In rotation: 3/24/21

Los Angeles, CA | After a yearlong hiatus, Amoeba Music announces April reopening in new location: Hear that drum rhythm echoing at the horizon? That’s the sound of Amoeba Music in Hollywood sound-checking its stereo system in a new spot. On Monday, the California music retailer announced that it would open its new 23,000-square-feet Hollywood Boulevard location on April 1. Located across the street from the Frolic Room and the Pantages Theatre, and a block west of concert venue the Fonda, the new Amoeba is situated within the El Centro residential and retail development at the corner of Argyle Avenue and Hollywood Boulevard. The move to a new space has been years in the making. Last year, because of the COVID-19 pandemic, Amoeba abandoned a planned farewell concert for its previous home on Sunset Boulevard, speeded up construction at the new address and hauled the store’s thousands of records earlier than originally planned. It had hoped to open in November, but the surge in COVID-19 negated that possibility.

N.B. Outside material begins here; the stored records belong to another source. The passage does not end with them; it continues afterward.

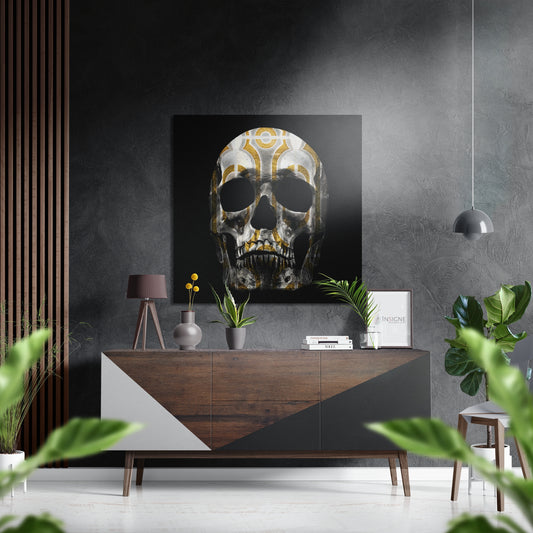 Skull Brushed Aluminium Dibond Wall Art.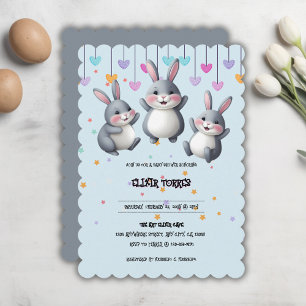 Fun Colorful Cute Hoppers Bunny Baby Shower Invitation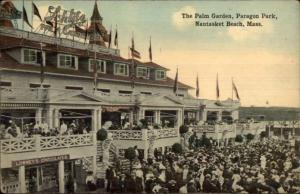 Nantasket Beach MA Crowd at Schlitz Palm Garden c1910 Postcard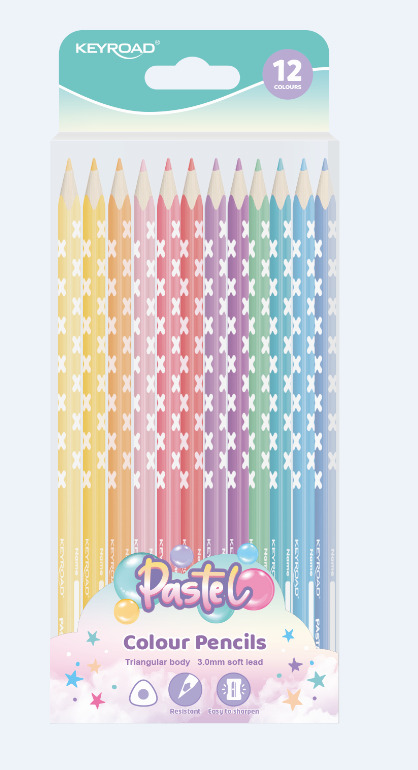 Карандаши цвет. 12цв  KEYROAD Pastel, пастельные цвета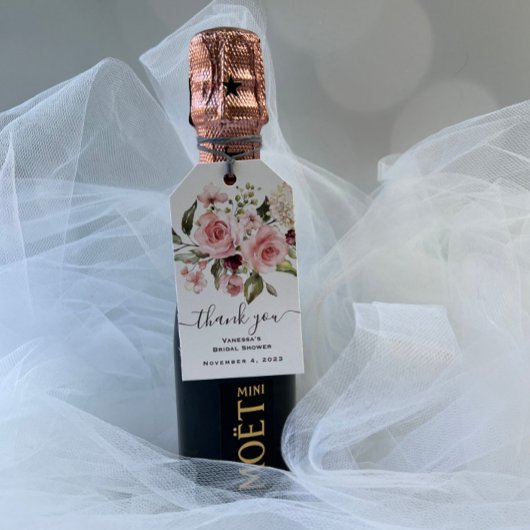 Bruiloft met roze rozen cadeaulabel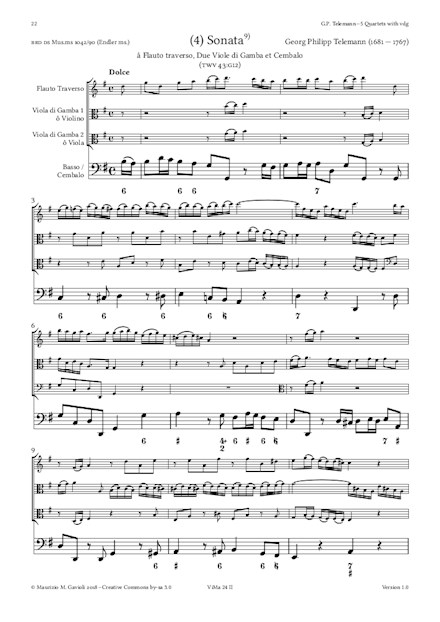 G.P. Telemann, Quartets with Viola da Gamba
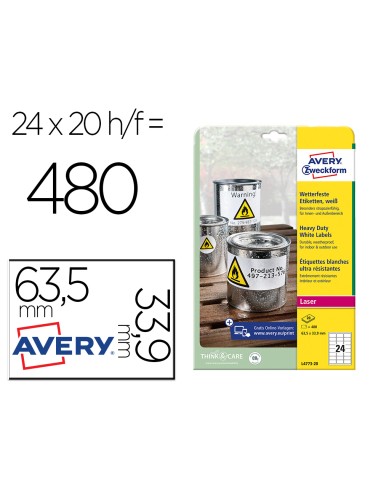 Etiqueta adhesiva resistente avery poliester blanco 39 mm 635x339 mm laser pack de 480unidades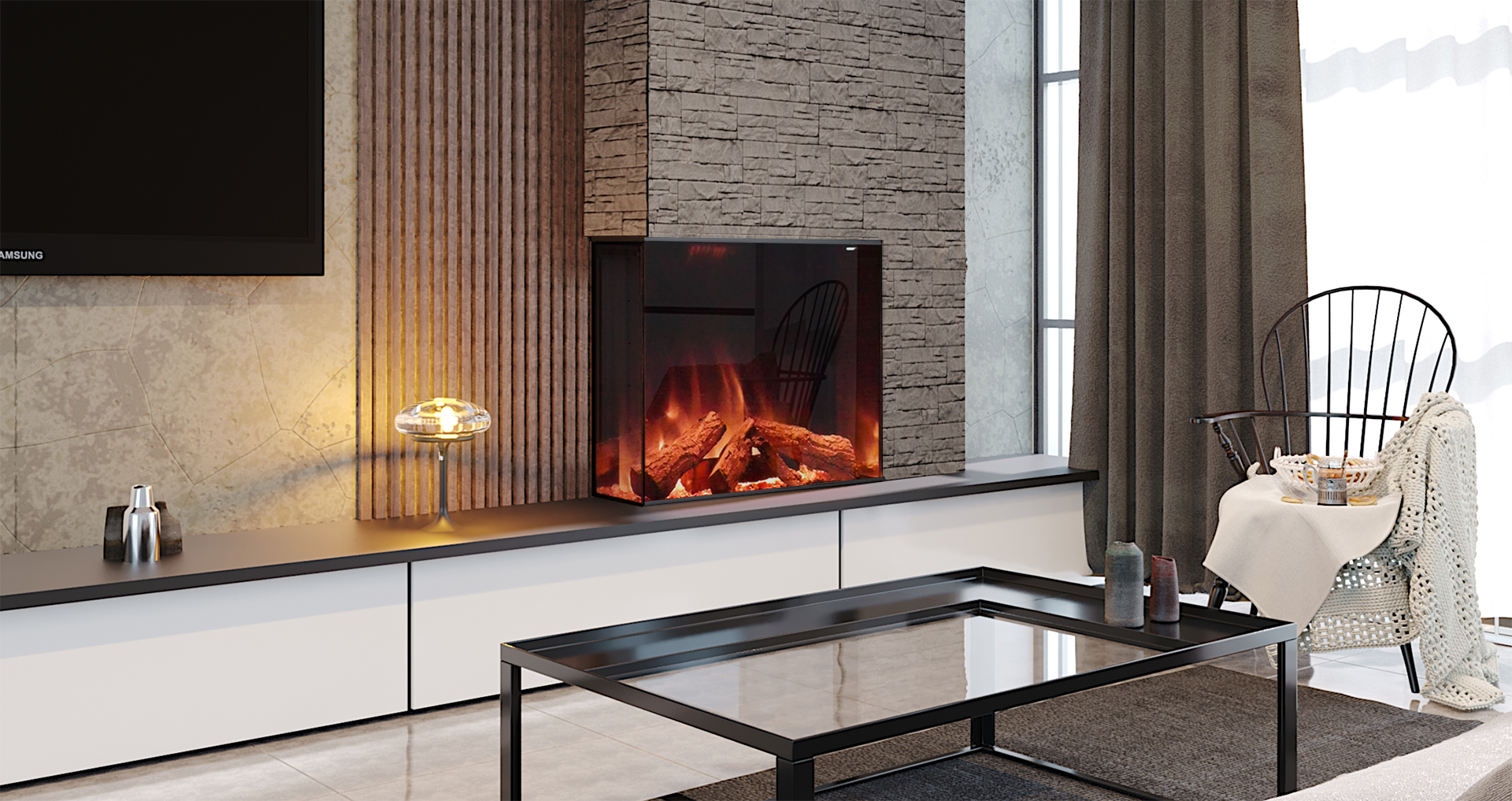 Tyrell Corner Style Electric Fireplace European Home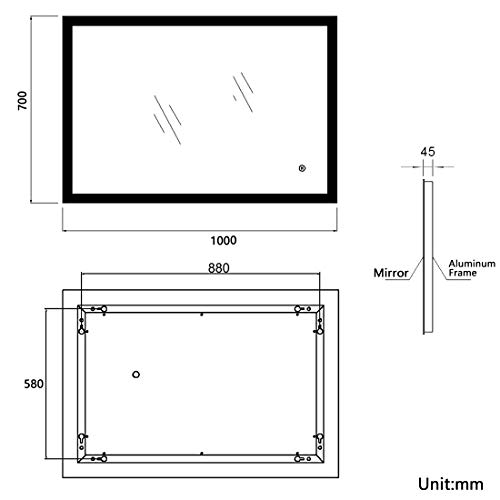 Meykoe 1000x700mm Illuminated LED Bathroom Mirror Anti-Fog LED Mirrors with Lights + Touch Switch Control + Demister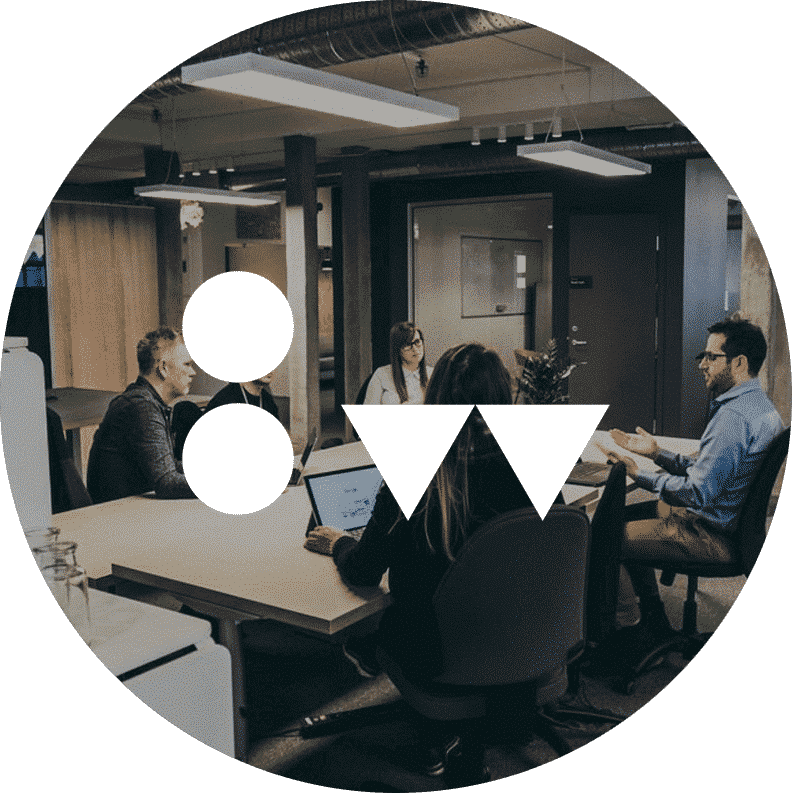 Picture of logo and people in meetingroom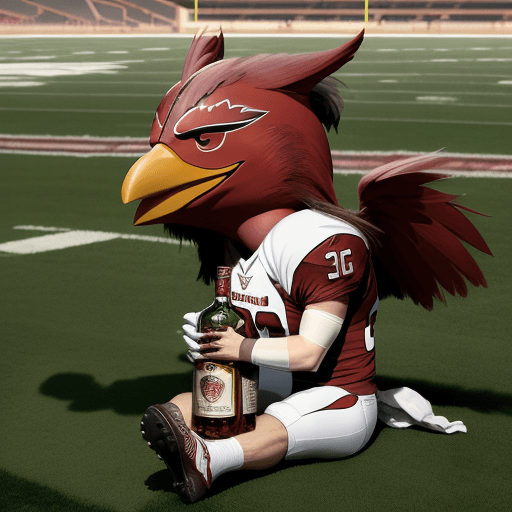AI generated: Arizona Cardinals  mascot bird sitting with a bottle of whiskey on a Arizona football field crying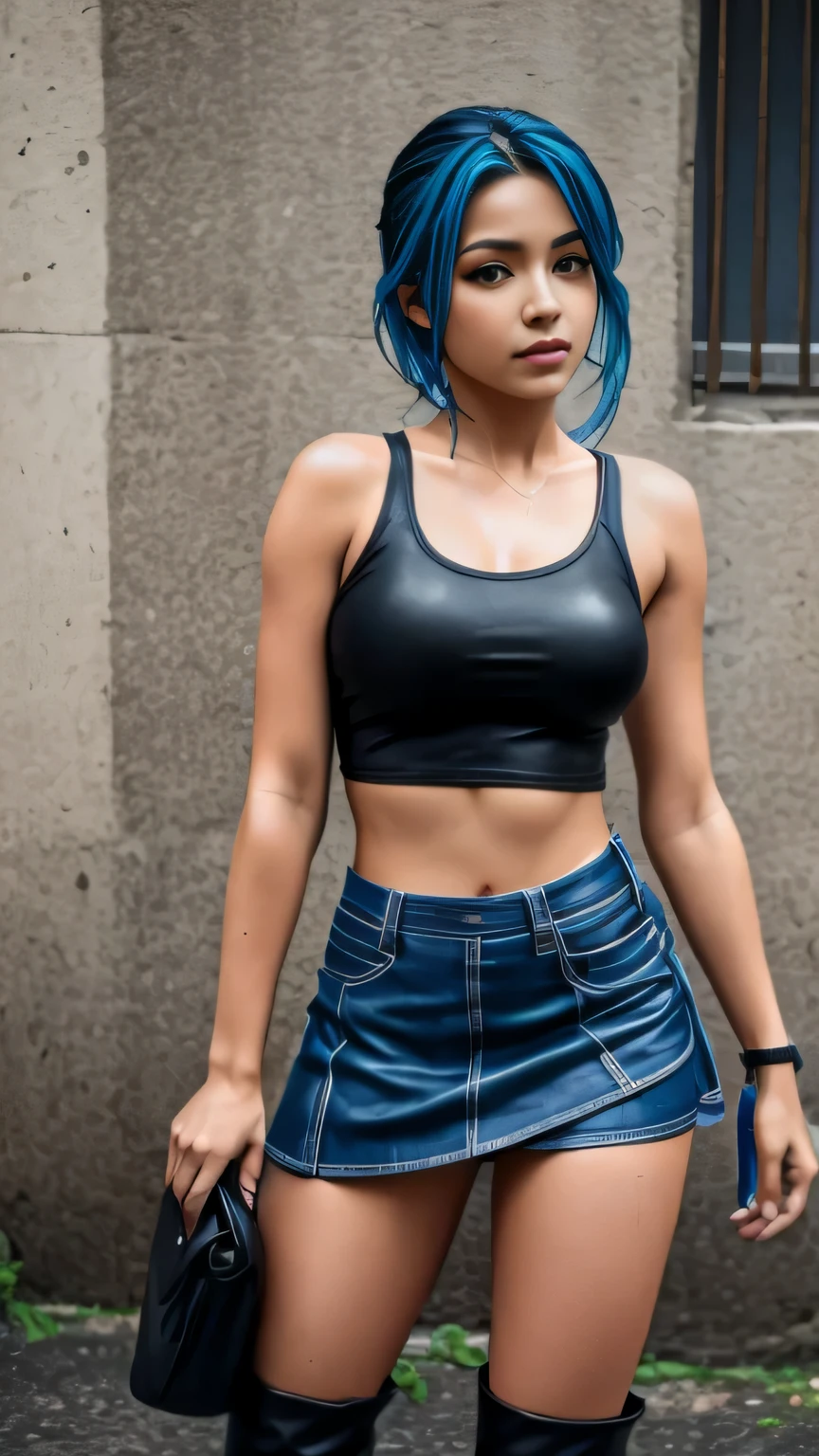 realistische Fotografie, Full-HD, Realismus, real lie, beautiful  Latina, gemischt, Blaue Haare, standing on the street, Full body, bekleidet mit Rock und schwarzem Tanktop mit schwarzen Lederstiefeln, Regen, nasses T-Shirt, medium bust, freche Brustwarzen, sexy and cute, Gesicht von MairaLopez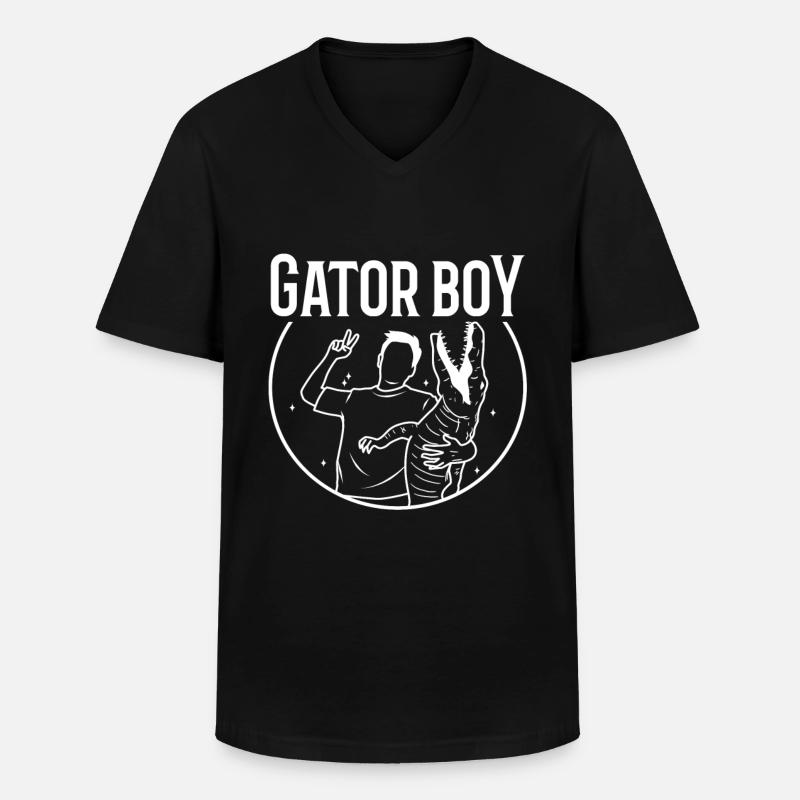 Gator Boy - Männer-T-Shirt mit V-Ausschnitt - Schwarz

Why Is Tower Records Coming Back Now, of All Times? It’s trying to offer something Amazon and Spotify can’t. In 1965, Heidi Cotler got a job at Tower Records. She worked in the books department, which had opened not long after the record store did. The job suited her countercultural style. “There was no dress code. There was no hair code. As long as you didn’t smell and your butt wasn’t hanging out, you were pretty much good to go. You had to wear shoes, most of the time.” Cotler says the vibe at Tower—what we’d now call its corporate culture—all came from its founder, Russ Solomon. He was cool, he was free-spirited, and he hired lots of cool and free-spirited young people to create the kind of company he wanted. He didn’t care much about rules as long as the job got done. “We ran on basically just sheer idiocy for a long time,” Cotler says, “and it worked because we adored Russ. He had respect for us, and in a business where you’re being paid $1.25 an hour, to be respected at 19 or 20 years old is a pretty heady thing. You really have to respect that and not screw it up.”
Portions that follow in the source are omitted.